1.3_formulating_abstractions_with_higher_order_procedures.livemd

SCIP 1.3 Formulating Abstractions with Higher-Order Procedures

Mix.install([])

1.3

Higher Order Procedure: a procedure that manipulates a procedure.

1.3.1 Procedures as Arguments

When you observe muliple procedures share the same pattern or structure it is indicative of a useful abstraction waiting to be brought to the surface. In such a case, you would map out the common structure and then pass the actual computation as an argument. This is not a new concept as mathematicians have identified such abstractions for centuries, e.g. sigma notation and “summation of a series”.

1.3.2 Constructing Procedures Using Lambda

It would be cumbersome to define a named abstraction for trivial operations only so that they could be passed as arguments. Programming languages will provide a lambda.

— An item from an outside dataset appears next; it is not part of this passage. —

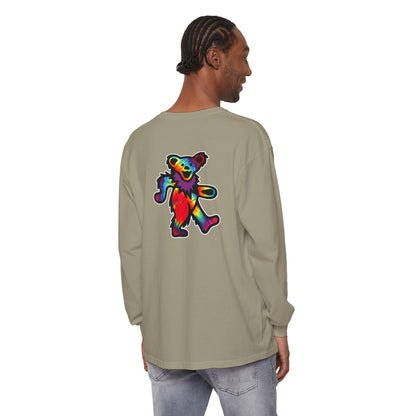 Grateful Dead Tie Dye Dancing Bear Two Sided Vineyard Collection Garment-dyed Long Sleeve T-Shirt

lambda definitions are used to create procedures with no name.

multiply = fn a, b -> a * b end
multiply.(5, 5)
perform_operation = fn operation, a, b -> operation.(a, b) end
perform_operation.(multiply, 5, 5)

We will often need local variables in our procedures other than those bound as formal parameters.

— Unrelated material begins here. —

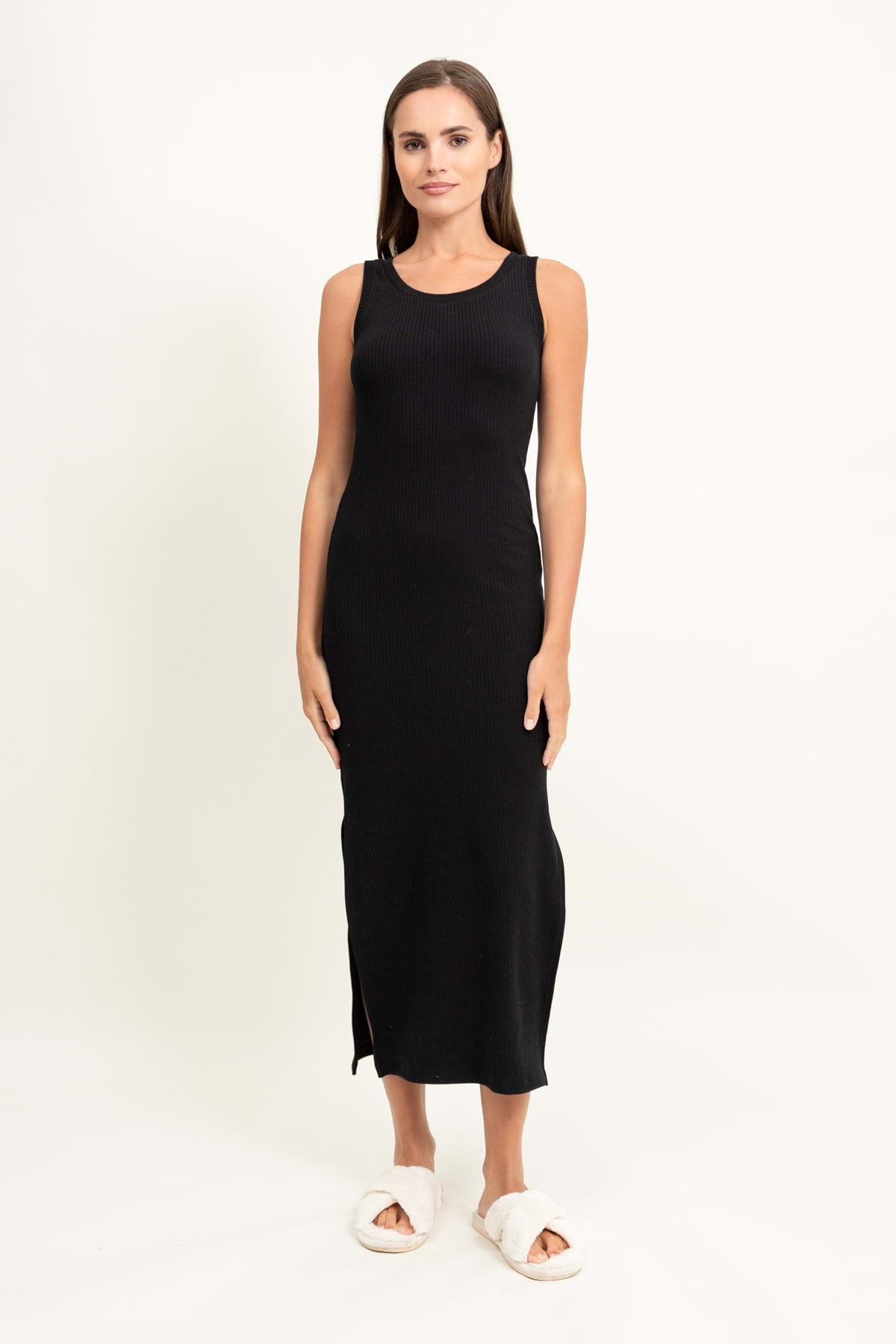 Loungewear Sleeveless Viscose Maxi Dress – Black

Let’s say we wanted to compute:

$f(x, y) = x(1 + xy)^2 + y(1 - y) + (1 + xy)(1-y)$

That’s confusing! It could be simplified as:

$a = 1 + xy$

$b = 1 - y$

$f(x, y) = xa^2 + yb + ab$

If we were simply using functions, we could use lambda functions to facilitate this local binding.

f = fn x, y ->
  (fn a, b ->
     x * (a * a) + y * b + a * b
   end).(1 + x * y, 1 - y)
end

f.(3, 4)

That’s not very readable! We are using an anonymous function to capture (a, b) as local parameters. Scheme has a let special form that allows you do define local parameters. (Fun fact: the let special form is in fact syntactic sugar for the underlying lambda application).

Elixir has function level scope, allowing for the above to be refactored:

f = fn x, y ->
  a = 1 + x * y
  b = 1 - y
  x * (a * a) + y * b + a * b
end

f.(3, 4)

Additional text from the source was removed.